Recently, the role of volatile organic compounds (VOCs) found in

carpeting and building materials have been identified in the

pathogenesis of asthma. Another factor is a concurrent respiratory

infection, such as coryza or pneumonia. With asthma it is thought

that these factors or combination of factors initiates the release of

inflammatory mediators promoting the release histamine and

arachidonic acid metabolism. When activated these inflammatory

chemicals promote the smooth muscle spasm of the bronchial wall and

edema of the mucosa, enhancing mucus production and bronchial injury

by activated immune cells (primarily eosinophils, lymphocytes and

neutrophils). It is important to note that production of inflammatory

mediators is enhanced by a pre-existing deficiency of vitamins,

minerals and accessory nutrients such as n-3 PUFAs and flavonoids

that counter or prevent inflammation.

 

The frequency and severity of asthma attacks vary to a large degree.

Some patients have only occasional episodes that are mild and brief,

whereas others experience a chronic cough and mild bronchial

congestion that is interrupted by severe episodes of bronchospasm,

usually after exposure to some type of stimuli that enhances

bronchial hypersensitivity. An asthma attack typically has an acute

onset, with sudden wheezing, coughing, and dyspnea, sometimes

preceded by pruritis over the neck and chest. The cough of an asthma

attack is distinctively tight, hard and sharp, generally

unproductive, and accompanied by wheezing, a sensation of chest

constriction and the subsequent distress this causes the patient. In

less severe attacks a dry cough may be the only presenting symptom.

After the attack subsides many patients will produce a thick,

tenacious mucus.

 

The Merck Manual of Diagnosis (1992) classifies asthma into four

categories according to the severity of symptoms. In many cases a

patient will move back and forth between these categories, depending

upon treatment and the presence of stimuli that promotes

hypersensitivity:

 

Stage I

Mild and intermittent dyspnea. Lung capacity 50-80% of normal.

Pulmonary (Pa) CO2 levels normal or decreasing, pH normal or

increasing; PaO2 normal or decreasing.

 

Stage II

Moderate, with obvious dyspnea and wheezing. Lung capacity 50% of

normal. Usage of accessory muscles. PaCO2 decreasing, pH increasing;

PaO2 decreasing.

 

Stage III \

Severe, with obvious distress, visible cyanosis. Lung capacity 25%

of normal. Marked use of accessory muscles. PaCO2 normal or rising,

pH normal or decreasing; PaO2 decreasing dramatically.

 

Stage IV

Severe distress, lethargy, confusion, 'pulsus paradoxus' (decrease in

systolic pressure and pulse amplitude). Lung capacity 10% of

normal. Marked use of accessory muscles. PaCO2 rapidly increasing,

pH rapidly decreasing; PaO2 dramatically diminished.

 

Medical treament

The medical treatment of asthma consists of a consideration for

environmental triggers (including animal dander, dust mites,

cockroaches, airborne molds, and pollens) and symptomatic drug

interventions. Potential allergens are typically identified by the

RAST method. Typical interventions include furniture and flooring

changes, emphasizing dust covers and hardwood floors. Patients may

be counseled to give up a pet, or limit exposure. Pollen allergies

however are difficult to control by such methods, and thus

densensitization immunotherapy may be recommended, apart from drug

therapy.

 

Drug therapy for asthma consists of bronchodilators, used to control

acute symptoms, and corticosteroids, used to inhibit chronic

inflammation. Among the bronchodilators used in acute inflammation

are beta-adrenergic agonists, often administered in metered doses by

inhalation, including epinephrine, albuterol, terbutaline,

pirbuterol, metaproterenol, bitolterol, isoetharine and the long-

acting (12h) salmeterol. Anticholinergic drugs such as atropine may

also be administered in emergency situations to control symptoms.

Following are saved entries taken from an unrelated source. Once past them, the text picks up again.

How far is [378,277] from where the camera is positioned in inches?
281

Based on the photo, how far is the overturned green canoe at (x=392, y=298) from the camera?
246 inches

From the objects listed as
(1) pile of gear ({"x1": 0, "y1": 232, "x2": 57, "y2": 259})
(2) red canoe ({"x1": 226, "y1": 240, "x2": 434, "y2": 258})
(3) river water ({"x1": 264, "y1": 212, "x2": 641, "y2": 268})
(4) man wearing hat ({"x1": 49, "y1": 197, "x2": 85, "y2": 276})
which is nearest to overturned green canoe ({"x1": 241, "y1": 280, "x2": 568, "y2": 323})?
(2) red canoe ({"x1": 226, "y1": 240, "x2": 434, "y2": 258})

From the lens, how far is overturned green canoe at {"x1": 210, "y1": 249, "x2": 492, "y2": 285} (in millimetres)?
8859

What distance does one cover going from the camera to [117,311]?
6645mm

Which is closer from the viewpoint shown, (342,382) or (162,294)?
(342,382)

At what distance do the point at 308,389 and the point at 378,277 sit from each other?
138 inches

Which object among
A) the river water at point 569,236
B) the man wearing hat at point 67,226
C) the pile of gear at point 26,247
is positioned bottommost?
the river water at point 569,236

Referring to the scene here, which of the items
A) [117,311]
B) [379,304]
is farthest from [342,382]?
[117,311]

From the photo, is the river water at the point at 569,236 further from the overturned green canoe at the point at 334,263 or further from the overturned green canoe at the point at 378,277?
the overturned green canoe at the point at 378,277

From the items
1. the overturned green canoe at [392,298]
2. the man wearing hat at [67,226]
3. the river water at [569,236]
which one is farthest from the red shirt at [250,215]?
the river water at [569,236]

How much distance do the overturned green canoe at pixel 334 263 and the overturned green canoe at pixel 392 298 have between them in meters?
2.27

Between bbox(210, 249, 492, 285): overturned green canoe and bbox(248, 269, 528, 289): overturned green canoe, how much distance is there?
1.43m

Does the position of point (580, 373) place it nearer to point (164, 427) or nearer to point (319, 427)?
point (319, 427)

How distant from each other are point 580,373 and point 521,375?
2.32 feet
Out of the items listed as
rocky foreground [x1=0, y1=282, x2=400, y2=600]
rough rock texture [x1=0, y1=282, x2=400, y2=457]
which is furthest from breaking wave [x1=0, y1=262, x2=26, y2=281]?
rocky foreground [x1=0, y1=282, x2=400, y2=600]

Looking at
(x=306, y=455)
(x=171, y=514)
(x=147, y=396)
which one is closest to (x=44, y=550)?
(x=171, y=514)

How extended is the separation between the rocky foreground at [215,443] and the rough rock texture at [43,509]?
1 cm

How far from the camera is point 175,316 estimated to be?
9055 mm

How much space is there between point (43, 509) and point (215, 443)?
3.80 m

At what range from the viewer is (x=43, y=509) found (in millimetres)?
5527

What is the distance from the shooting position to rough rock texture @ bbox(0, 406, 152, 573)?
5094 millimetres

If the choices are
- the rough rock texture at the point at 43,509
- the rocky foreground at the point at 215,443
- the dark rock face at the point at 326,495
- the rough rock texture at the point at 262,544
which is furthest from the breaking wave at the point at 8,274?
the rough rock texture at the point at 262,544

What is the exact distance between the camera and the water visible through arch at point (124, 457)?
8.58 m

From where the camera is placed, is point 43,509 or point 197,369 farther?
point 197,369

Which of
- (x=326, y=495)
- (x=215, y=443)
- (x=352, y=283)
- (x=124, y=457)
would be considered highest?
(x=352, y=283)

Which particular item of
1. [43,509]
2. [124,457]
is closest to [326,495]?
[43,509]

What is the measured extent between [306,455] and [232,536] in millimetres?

Theophylline is a methylxanthine found in black tea that is

administered orally as fast acting bronchodilator, but has a number

of severe side-effects including ventricular arrhythmia and even

death. Theophylline should be discontinued immediately if there are

any symptoms of nausea and vomiting.

 

Chronic inflammation in asthma is typically treated with

corticosteroids, given orally or as an aerosol, the latter of which

is also used to treat late responses to inhaled allergens, blocking

the subsequent bronchial hyperactivity. Adverse effects of inhaled

corticosteroids include hoarseness and mucocutaneous candidiasis.

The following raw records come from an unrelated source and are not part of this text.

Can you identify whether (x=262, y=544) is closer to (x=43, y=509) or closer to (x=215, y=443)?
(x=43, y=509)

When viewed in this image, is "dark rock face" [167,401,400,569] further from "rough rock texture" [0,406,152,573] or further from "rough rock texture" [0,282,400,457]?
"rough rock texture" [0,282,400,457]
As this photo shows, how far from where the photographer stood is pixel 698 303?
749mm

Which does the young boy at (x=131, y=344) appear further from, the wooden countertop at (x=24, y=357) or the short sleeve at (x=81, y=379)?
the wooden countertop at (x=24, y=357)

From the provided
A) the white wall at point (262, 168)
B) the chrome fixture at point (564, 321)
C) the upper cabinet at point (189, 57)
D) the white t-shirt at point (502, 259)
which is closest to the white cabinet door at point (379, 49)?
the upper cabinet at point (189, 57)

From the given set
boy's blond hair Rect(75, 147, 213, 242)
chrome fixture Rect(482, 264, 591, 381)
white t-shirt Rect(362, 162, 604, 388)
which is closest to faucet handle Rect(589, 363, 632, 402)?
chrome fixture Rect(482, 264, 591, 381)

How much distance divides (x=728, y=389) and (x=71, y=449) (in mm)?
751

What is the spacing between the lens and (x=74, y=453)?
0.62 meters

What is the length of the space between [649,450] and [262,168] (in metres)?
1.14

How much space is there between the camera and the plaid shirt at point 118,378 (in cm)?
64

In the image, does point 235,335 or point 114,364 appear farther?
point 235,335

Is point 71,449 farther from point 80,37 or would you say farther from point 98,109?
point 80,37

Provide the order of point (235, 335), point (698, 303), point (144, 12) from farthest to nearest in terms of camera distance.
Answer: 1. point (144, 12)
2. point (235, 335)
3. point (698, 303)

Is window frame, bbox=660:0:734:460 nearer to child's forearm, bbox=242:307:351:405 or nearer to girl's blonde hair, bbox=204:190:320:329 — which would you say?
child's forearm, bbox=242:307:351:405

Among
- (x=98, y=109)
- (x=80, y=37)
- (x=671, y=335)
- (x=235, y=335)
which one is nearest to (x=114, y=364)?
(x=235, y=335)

Systemic effects include suppression of the adrenal-pituitary axis,

growth suppression in children, osteoporosis in women, thinning of

the skin, and easy bruising. Care must be taken when withdrawing

corticosteroids as too rapid of a withdrawal can precipitate

secondary adrenocortical insufficiency. Other prophylactic drugs

used to control inflammation include cromolyn and nedocromil, but are

not used in acute scenarios.

 

Holistic treatment

In Ayurvedic medicine asthma, or svasa, is the result of a worsening

cough (kasa), or from similar etiological factors that include the

upward movement of apana vayu, which invades the chest and throat,

causing a vitiation of Kapha, which causes dyspnea, wheezing, catarrh

and distress. Other etiological factors include poor digestion,

exposure to poisons, noxious fumes and dust, anemia, chronic fever,

wind, injury or from drinking very cold water. The clinical features

of svasa are differentiated into five types with different causative

factors: Kshudrasvasa (dyspnea), Tamakasvasa (bronchial asthma),

Chinnasvasa (anaphylaxis), Mahansvasa and Urdhvasvasa: the latter

three are incurable and are premonitory symptoms of death.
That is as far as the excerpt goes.